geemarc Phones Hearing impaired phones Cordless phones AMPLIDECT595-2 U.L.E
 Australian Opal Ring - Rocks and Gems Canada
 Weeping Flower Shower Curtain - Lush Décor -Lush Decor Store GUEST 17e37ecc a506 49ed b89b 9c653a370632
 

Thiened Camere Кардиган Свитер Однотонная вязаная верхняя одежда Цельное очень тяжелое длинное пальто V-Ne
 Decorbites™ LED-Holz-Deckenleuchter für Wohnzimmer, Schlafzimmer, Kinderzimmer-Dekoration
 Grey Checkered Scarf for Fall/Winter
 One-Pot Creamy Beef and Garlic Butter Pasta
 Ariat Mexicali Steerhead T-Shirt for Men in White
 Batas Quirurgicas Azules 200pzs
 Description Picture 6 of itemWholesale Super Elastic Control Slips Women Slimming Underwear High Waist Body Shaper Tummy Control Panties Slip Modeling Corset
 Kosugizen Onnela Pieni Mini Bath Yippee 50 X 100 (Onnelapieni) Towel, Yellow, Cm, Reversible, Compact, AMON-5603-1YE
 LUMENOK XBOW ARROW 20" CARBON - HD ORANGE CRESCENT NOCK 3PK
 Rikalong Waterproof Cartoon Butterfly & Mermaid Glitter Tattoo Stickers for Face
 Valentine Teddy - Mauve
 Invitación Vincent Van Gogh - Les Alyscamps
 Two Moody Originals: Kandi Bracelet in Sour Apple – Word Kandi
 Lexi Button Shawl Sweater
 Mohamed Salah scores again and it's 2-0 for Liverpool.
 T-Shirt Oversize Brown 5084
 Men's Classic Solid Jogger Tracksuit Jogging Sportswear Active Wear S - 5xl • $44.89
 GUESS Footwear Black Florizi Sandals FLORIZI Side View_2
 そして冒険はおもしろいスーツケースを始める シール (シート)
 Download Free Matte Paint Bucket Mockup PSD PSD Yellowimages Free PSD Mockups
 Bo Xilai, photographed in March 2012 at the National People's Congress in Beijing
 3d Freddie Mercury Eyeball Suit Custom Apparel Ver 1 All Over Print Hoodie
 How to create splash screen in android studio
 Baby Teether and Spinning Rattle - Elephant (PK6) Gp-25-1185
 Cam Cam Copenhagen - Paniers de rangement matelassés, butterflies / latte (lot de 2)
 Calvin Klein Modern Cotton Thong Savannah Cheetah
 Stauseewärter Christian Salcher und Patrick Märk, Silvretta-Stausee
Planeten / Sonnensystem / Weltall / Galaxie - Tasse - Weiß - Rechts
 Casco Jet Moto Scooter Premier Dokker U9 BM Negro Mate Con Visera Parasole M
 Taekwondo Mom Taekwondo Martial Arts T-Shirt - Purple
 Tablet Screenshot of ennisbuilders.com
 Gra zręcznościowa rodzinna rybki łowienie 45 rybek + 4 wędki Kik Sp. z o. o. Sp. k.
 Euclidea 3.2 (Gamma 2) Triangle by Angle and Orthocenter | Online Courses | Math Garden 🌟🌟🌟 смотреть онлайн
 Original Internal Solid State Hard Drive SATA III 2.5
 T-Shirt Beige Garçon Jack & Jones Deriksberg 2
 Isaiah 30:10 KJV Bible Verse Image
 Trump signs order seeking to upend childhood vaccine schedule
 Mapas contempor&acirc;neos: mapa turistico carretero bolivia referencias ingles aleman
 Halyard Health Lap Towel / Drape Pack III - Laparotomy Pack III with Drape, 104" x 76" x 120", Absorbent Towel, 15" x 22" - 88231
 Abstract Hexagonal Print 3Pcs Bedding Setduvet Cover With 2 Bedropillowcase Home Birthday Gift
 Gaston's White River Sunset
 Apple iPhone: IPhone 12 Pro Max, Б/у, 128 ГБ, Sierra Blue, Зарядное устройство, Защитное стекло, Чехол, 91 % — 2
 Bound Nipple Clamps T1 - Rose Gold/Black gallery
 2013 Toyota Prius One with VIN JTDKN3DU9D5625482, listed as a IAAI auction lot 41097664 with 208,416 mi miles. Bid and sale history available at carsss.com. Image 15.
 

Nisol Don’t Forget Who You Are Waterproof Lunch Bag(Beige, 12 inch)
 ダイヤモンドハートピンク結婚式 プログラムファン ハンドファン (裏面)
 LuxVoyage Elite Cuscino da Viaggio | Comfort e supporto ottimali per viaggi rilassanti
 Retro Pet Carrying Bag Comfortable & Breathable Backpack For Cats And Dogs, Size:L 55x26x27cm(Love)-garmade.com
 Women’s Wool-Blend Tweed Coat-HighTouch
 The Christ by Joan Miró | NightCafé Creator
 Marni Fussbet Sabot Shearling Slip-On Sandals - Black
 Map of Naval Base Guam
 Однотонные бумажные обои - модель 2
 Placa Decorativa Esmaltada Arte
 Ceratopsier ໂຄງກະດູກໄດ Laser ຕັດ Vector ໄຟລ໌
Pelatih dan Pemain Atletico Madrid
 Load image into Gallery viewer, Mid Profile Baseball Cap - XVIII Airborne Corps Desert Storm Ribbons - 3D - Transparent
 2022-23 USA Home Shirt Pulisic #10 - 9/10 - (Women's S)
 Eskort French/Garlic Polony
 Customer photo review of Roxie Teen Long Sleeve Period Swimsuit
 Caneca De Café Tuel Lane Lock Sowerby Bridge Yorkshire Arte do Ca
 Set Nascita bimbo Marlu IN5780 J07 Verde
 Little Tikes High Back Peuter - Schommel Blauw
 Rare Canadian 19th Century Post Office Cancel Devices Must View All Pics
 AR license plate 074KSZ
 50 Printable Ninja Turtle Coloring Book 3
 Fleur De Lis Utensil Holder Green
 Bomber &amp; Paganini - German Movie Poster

----

■ WHAT TO DO
Going back to the entries above, set down exactly the lines that begin at the one with "Decorbites™ LED-Holz-Deckenleuchter für" and end at the one with "Batas Quirurgicas Azules 200pzs", both included, and nothing else.

■ OUTPUT BELOW
 Decorbites™ LED-Holz-Deckenleuchter für Wohnzimmer, Schlafzimmer, Kinderzimmer-Dekoration
 Grey Checkered Scarf for Fall/Winter
 One-Pot Creamy Beef and Garlic Butter Pasta
 Ariat Mexicali Steerhead T-Shirt for Men in White
 Batas Quirurgicas Azules 200pzs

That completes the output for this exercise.